When our firm represents young people accused of sex crimes, Shannon Smith is often asked if there is any way to resolve a case with no criminal record.  Michigan does have a law called the Holmes Youthful Trainee Act (HYTA) that allows for young people who plead guilty to certain offenses to be free of a criminal record so long as they complete their sentence without violations.  There are several things that you should know about this law, particularly when it comes to HYTA in combination with a sex offense.

1. The law requires that the person plead guilty.

In order to plead guilty, a criminal defendant will have to provide a factual basis upon which the court can rely to take the plea. It is impossible to plead no contest or not admit guilt when it comes to HYTA.  The person pleading will have to agree that they did something in violation of the law.

2. HYTA status is only available with certain sex crimes.

Third-degree criminal sexual conduct and fourth degree criminal sexual conduct, for example, are permissible offenses for an HYTA plea. This is true so long as the person pleads under specific theories of the law. Typically, allegations that involve force or coercion are not eligible for HYTA status. However, when the facts of the case involve a person who was involved with someone under the age of consent, HYTA will be more likely to be an option. Sometimes it takes creativity to find accurate facts to support the plea resolution we hope to achieve.

3. If a person accepts a plea and is sentenced with HYTA status, the file at the court will be sealed from the public.

These files are not available online through programs like Oakland County’s Court Explorer or Macomb County’s Case Look-up system.

4. In order to be eligible for HYTA, a person must be between the ages of 17 and 20.

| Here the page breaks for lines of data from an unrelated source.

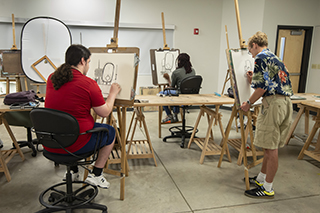students drawing at easels in a classroom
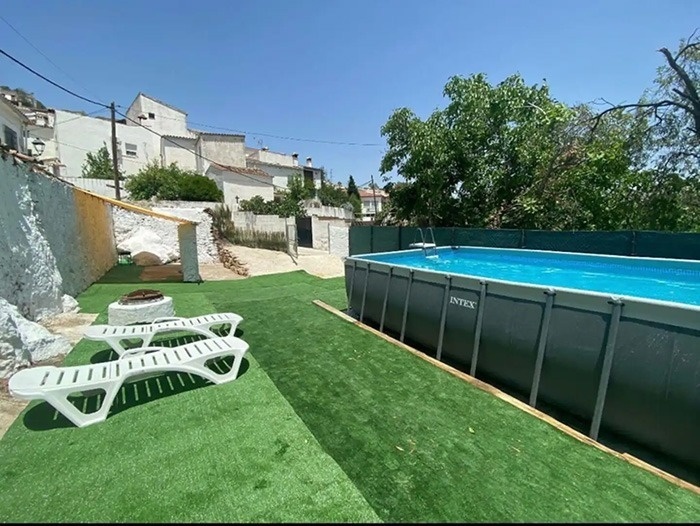 una piscina intex está en el patio trasero de una casa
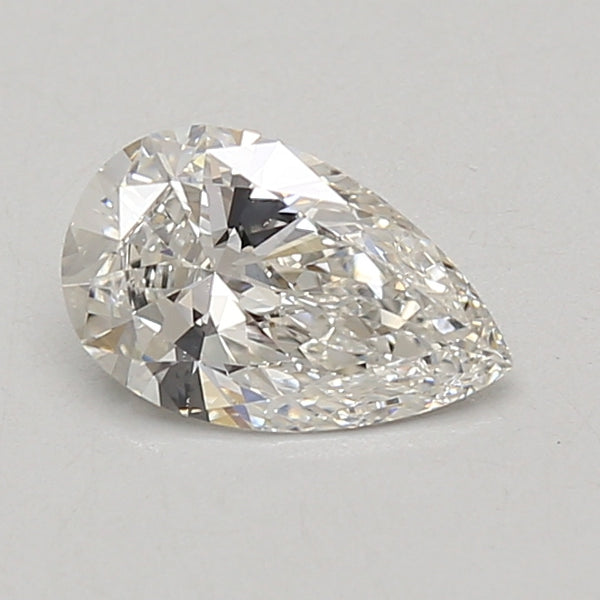 Pear-shaped lab-grown diamond with faceted surface and light reflections on neutral background.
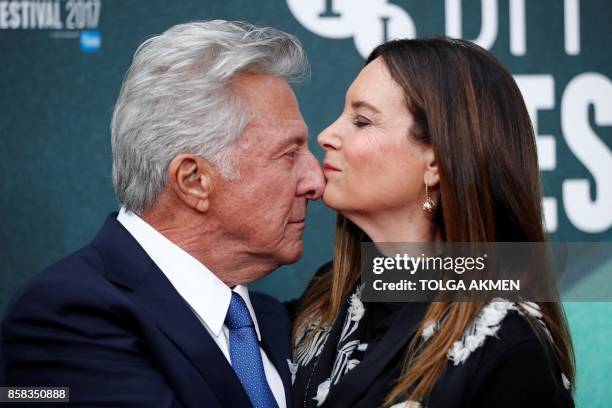 Actor Dustin Hoffman and his wife Lisa Hoffman pose upon arrival for the UK premiere of the film "The Meyerowitz Stories" during the BFI London Film...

A person between the age of 21 and 24 can be eligible, so long as the prosecutor agrees. Younger defendants can be eligible for Holmes Youthful Trainee Act status when jurisdiction is transferred from the juvenile court to the adult court. There are completely different options and concerns if the case is charged and completed in juvenile court.

5. When a person is sentenced with HYTA status, the court has three options for incarceration.

The court can:

  1. Choose to order probation;

  2. Order the person serve up to one year in the county jail; or

  3. Order that the youthful offender must go to HYTA prison which can be for up to three years.

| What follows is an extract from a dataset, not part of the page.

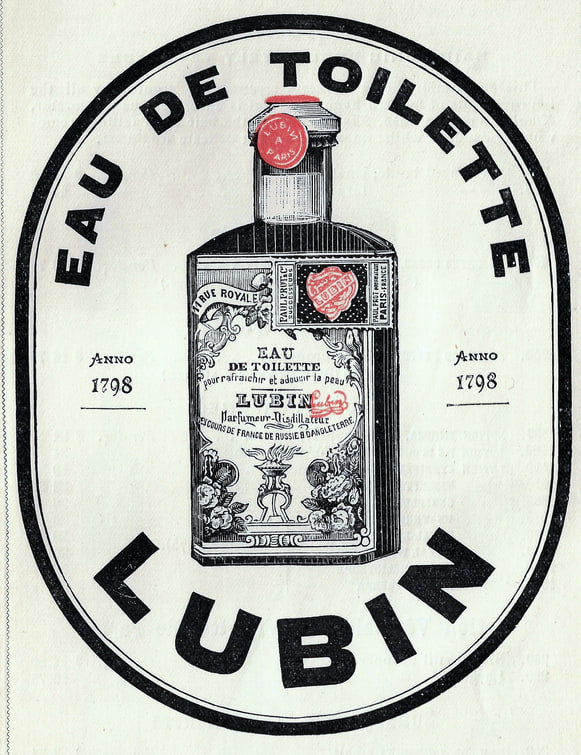 Étiquette gravée de forme ovale : un flacon d'eau de toilette Lubin au bouchon de cire rouge, entouré des mots EAU DE TOILETTE en haut et LUBIN en bas, avec la mention Anno 1798 de part et d'autre.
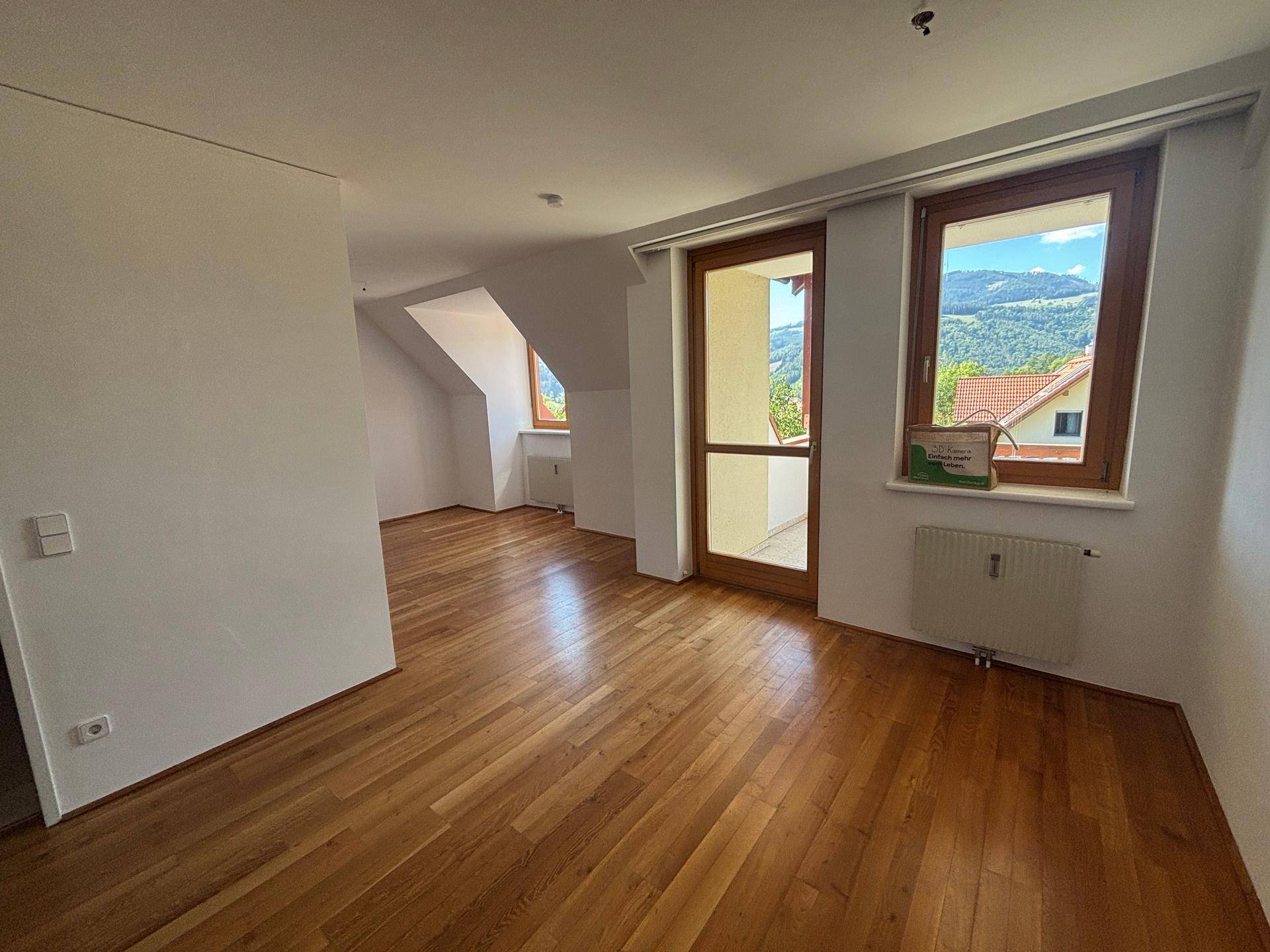 Heller Wohnraum mit Holzparkett, Dachschrägen und Zugang zu einem Balkon mit Bergblick.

6. When a defendant is sentenced under HYTA, the prison sentencing guidelines do not matter in the case.

This is an important distinction because normally third degree criminal sexual conduct requires a prison sentence. Because the guidelines do not count, a youthful offender can still be eligible for probation even when sentencing guidelines would not appear to make probation a possibility.

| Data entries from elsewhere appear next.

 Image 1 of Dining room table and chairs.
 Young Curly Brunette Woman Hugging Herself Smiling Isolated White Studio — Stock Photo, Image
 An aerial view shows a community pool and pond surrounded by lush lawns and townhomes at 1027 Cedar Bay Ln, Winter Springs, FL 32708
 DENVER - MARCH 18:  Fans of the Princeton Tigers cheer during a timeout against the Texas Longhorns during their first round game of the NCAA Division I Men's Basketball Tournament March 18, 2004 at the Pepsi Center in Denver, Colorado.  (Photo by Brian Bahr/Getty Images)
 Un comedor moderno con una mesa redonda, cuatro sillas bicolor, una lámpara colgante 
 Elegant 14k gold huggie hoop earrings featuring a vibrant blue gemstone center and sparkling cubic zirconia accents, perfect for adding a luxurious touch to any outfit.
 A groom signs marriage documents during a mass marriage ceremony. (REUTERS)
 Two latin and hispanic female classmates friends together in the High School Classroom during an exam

7. There are various ways to secure HYTA status, depending on the case.

In some cases, we stipulate and agree to it with the prosecution in advance.  In other cases, the Judge will consider it and allow the accused to withdraw their plea if the judge decides not to go along with it at sentencing. Sometimes, we have to file Motions and Petitions for the Judge to consider HYTA as an option and set our clients up in the best way we can.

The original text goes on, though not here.